I'm in Wynantskill, just outside of Albany.


----------



## goat1964-2004 (Nov 14, 2005)

Clifton Springs, NY 40 min. east of Rochester.


----------



## TheJudge04 (Jan 25, 2007)

I'm in the upper part of upstate NY (LOL), a little town called Dekalb. About 2 1/2 hours north of Syracuse.


----------



## crusader (Jun 8, 2007)

Just moved back from the Memphis area to Chestertown, up in the Adirondacks. About 30-45 minutes (depending on your speed) north of Glens Falls/Queensbury.

Don't see too many goats up here, only know of me plus 2 others.

Are there ever any meets around the Capital District?


----------



## black427gto (May 31, 2007)

I am from Plattsburgh. About an hour and a half north of Glens Falls going down 87


----------



## PitoPocket (Jul 8, 2005)

Hey I'm From Clifton Park....about 20 minutes north of Albany....I don't own a GTO, I bought an '06 RSX-S and its a fun little car but it got old real fast. I wanted a GTO at the time but didn't have the money. I was also worried about needing a car I could drive all year round. Do any of you drive your GTO's in the winter?? I know theres a guy in Saratoga, NY that drives his in the winter so I was wondering if a lot of people do it or if this guy is nuts.


----------



## GaryBro (Sep 9, 2004)

I don't drive mine in the winter unless it has been dry for a while and there is no salt dust on the roads.

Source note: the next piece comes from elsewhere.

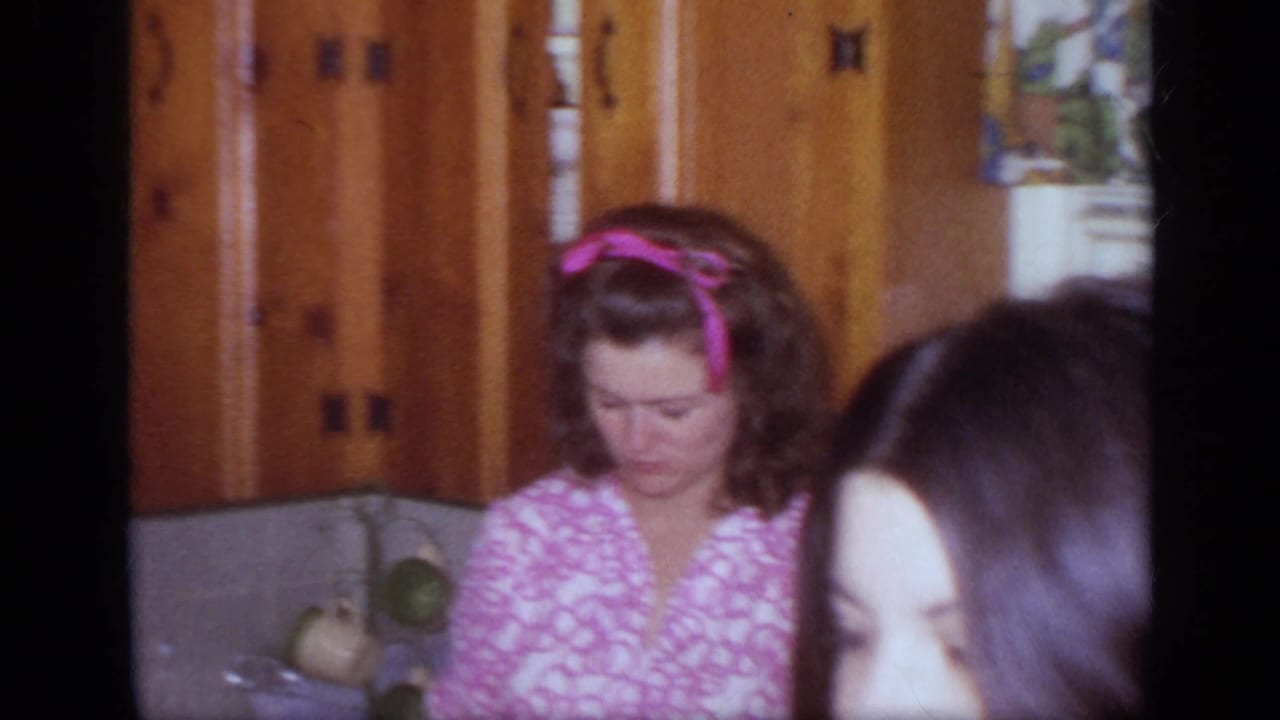Woman in a pink patterned dress standing in a kitchen with wood cabinets.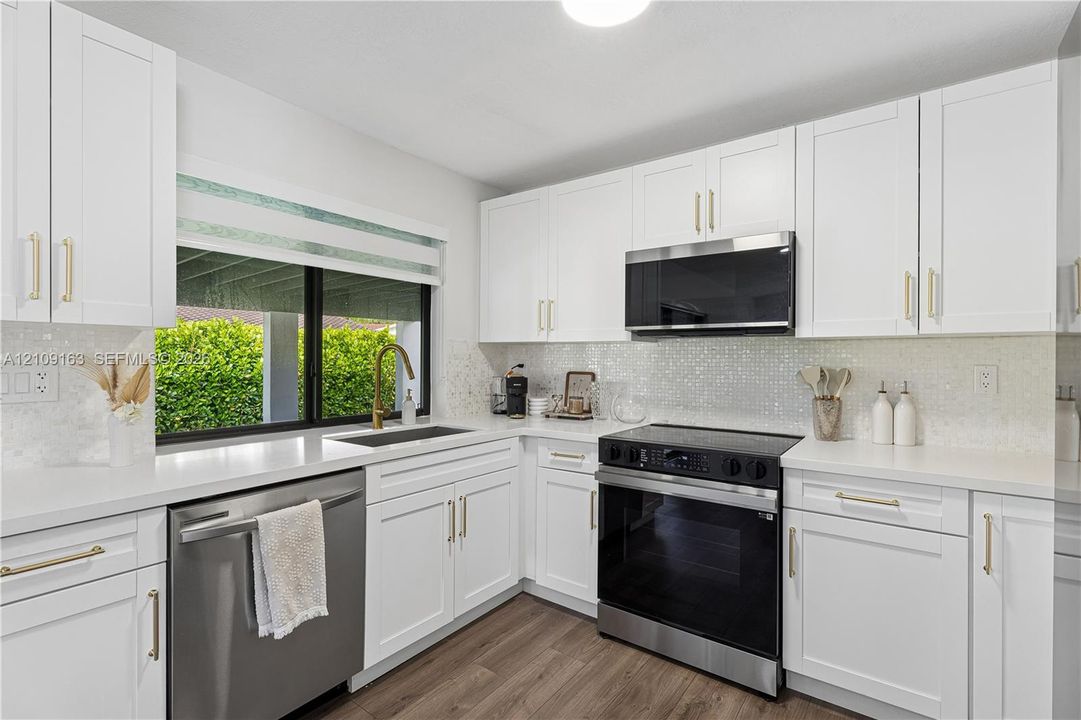 Kitchen featuring white shaker-style cabinetry, quartz countertops, a mosaic tile backsplash, wood-finish flooring, and stainless steel appliances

Just don't want to deal with the corrosion that comes with the salt. The guy that drives in the winter might not be wanting to keep the car for a long time and might not care about what will happen.


----------



## fah-q (Aug 19, 2007)

I'm in Rochester. I have a LeMans and have no plans on making a "tribute" or "clone".


----------



## burnz (Jul 26, 2006)

my folks are in gainsville near arcade and east aroura, I go out there alot. plus was raised there.


----------



## UpstateTank (Jun 23, 2007)

syracuse guy here!!!!

3-1-5 holla


----------



## sheekoGTO (Feb 28, 2008)

Live in Syracuse as well...


----------